Did we know this was coming?

Scientists have been warning for over 20 years, that climate change “would increase the risk of extreme bushfires in Australia. This warning was accurate. Scientists expect extreme fire weather will continue to become more frequent and severe without substantial and rapid action to reduce greenhouse gas emissions.”[15]

The Garnaut Climate Change Review in 2008 predicted that more intense fire seasons should be observable by 2020. According to the report, there could also be a 300 per cent increase in the number of days with extreme fire weather by 2067.

More recently:

In 2018, the State of the Climate report from the Australian Bureau of Meteorology observed that climate change had led to an increase in extreme heat events and increased the severity of other natural disasters, such as drought.

In April 2019, 23 former fire chiefs and emergency leaders issued a letter, warning the government about “increasingly catastrophic extreme weather events”.

 

The Planned Burning Debate

Definition of terms:

“Hazard-reduction burning is the deliberate, authorised lighting of fire to reduce the threats to people and property from wildfires.

“Prescribed burning” is an equivalent term favoured by researchers, while “controlled” or “planned” burning are alternatives.”

The term should not be confused with “backburns”. These are lit during an emergency with the aim of creating a scorched buffer to inhibit the advancement of an active bushfire.[16]

A lack of Hazard-reduction burning this season has been pointed to by some as the cause of these bushfires.

Professor Ross Bradstock is the director of the centre for environmental risk management of bushfires at the University of Wollongong, who has been researching bushfires for 40 years.

He said, “as firefighters try and beat back the bushfires, a familiar blame game began with critics pointing fingers at “greenies”, claiming they get in the way of hazard reduction efforts that might have reduced the size and scale of the disaster.

“These are very tired and very old conspiracy theories that get a run after most major fires,”

“They’ve been extensively dealt with in many inquiries.”[17]
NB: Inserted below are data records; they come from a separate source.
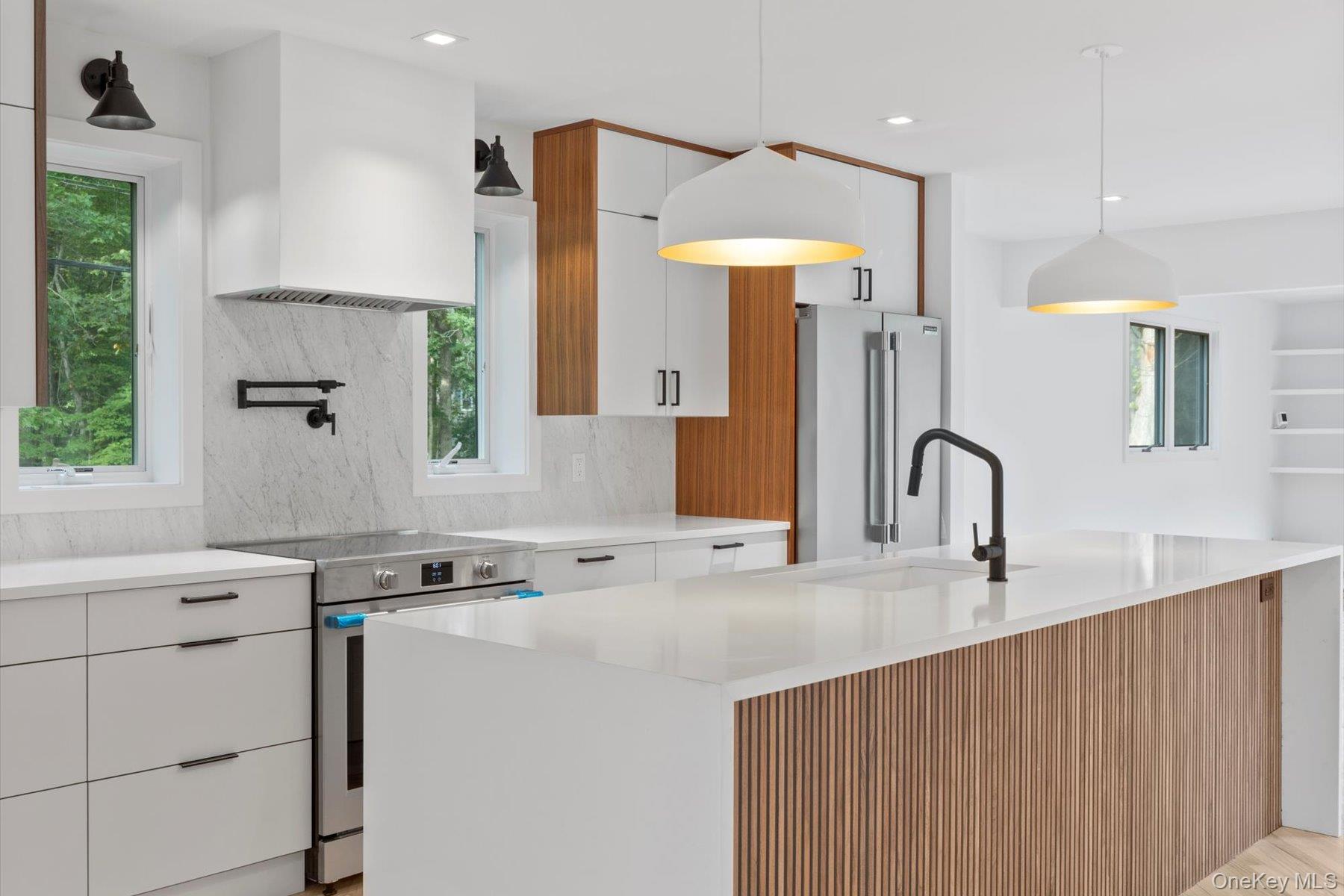 3630 Soundview Avenue Peconic, NY 11958 - Photo 10 of 44 a kitchen with stainless steel appliances a sink a stove and a refrigerator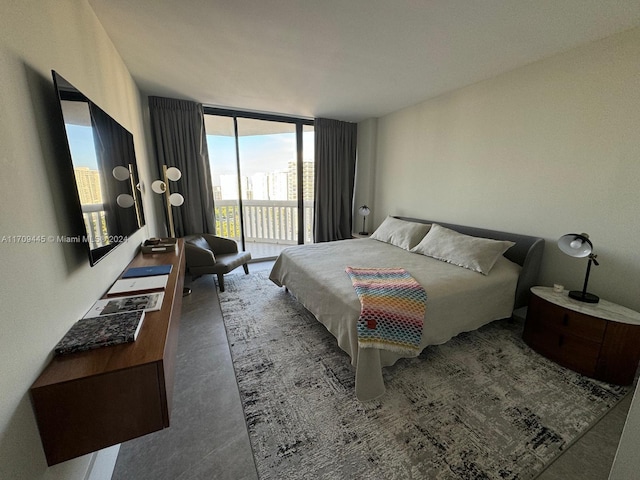 bedroom featuring access to outside and a wall of windows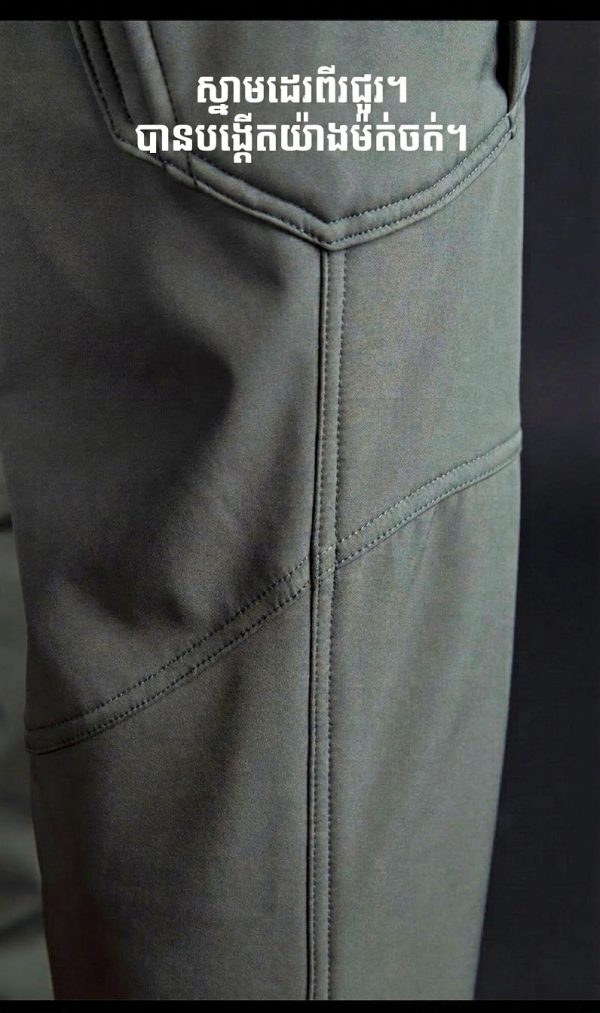 Tactical long sleeve shirt in olive green with dual chest pockets and wrinkle-resistant fabric.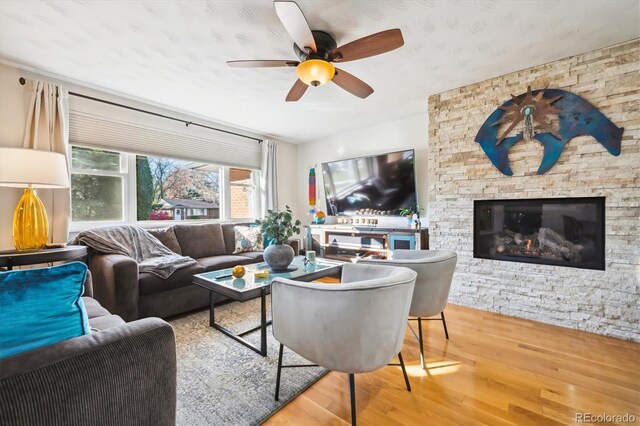 living room featuring a fireplace, hardwood / wood-style flooring, and ceiling fan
“It’s simply conspiracy stuff. It’s an obvious attempt to deflect the conversation away from climate change.”[18]

 

According to Rural Fire Service Commissioner Shane Fitzsimmons, “Hazard reduction burning is really challenging and the single biggest impediment to completing hazard reduction burning is the weather.”

The Fire and Rescue NSW Station 428 Queanbeyan Facebook page posted:

“The main reason Hazard Reduction burns are cancelled or delayed is due to the predicted intensity of the burn exceeding the limits that would make it safe for firefighters, native flora and fauna and obviously you wonderful people.[19]

According to QFES Superintendent James Haig “The most common reason for a permit not being granted would be because the local conditions were too dry; that it was difficult to conduct safely and with the appropriate outcome.” “In other areas, it was too wet too early on and dried out rapidly, leaving a short window of opportunity to safely conduct mitigation activities.”[20] Nevertheless, 108 of 175 planned hazard-reduction burns in QLD were completed in 2019.[21]

Experts, including Professor Bradstock, say that Australia is in fact carrying out more planned burning that in previous decades,[22] but such burns are ineffective against extreme fires like those seen this summer,[23] and their effectiveness will continue to diminish as the climate changes. [24]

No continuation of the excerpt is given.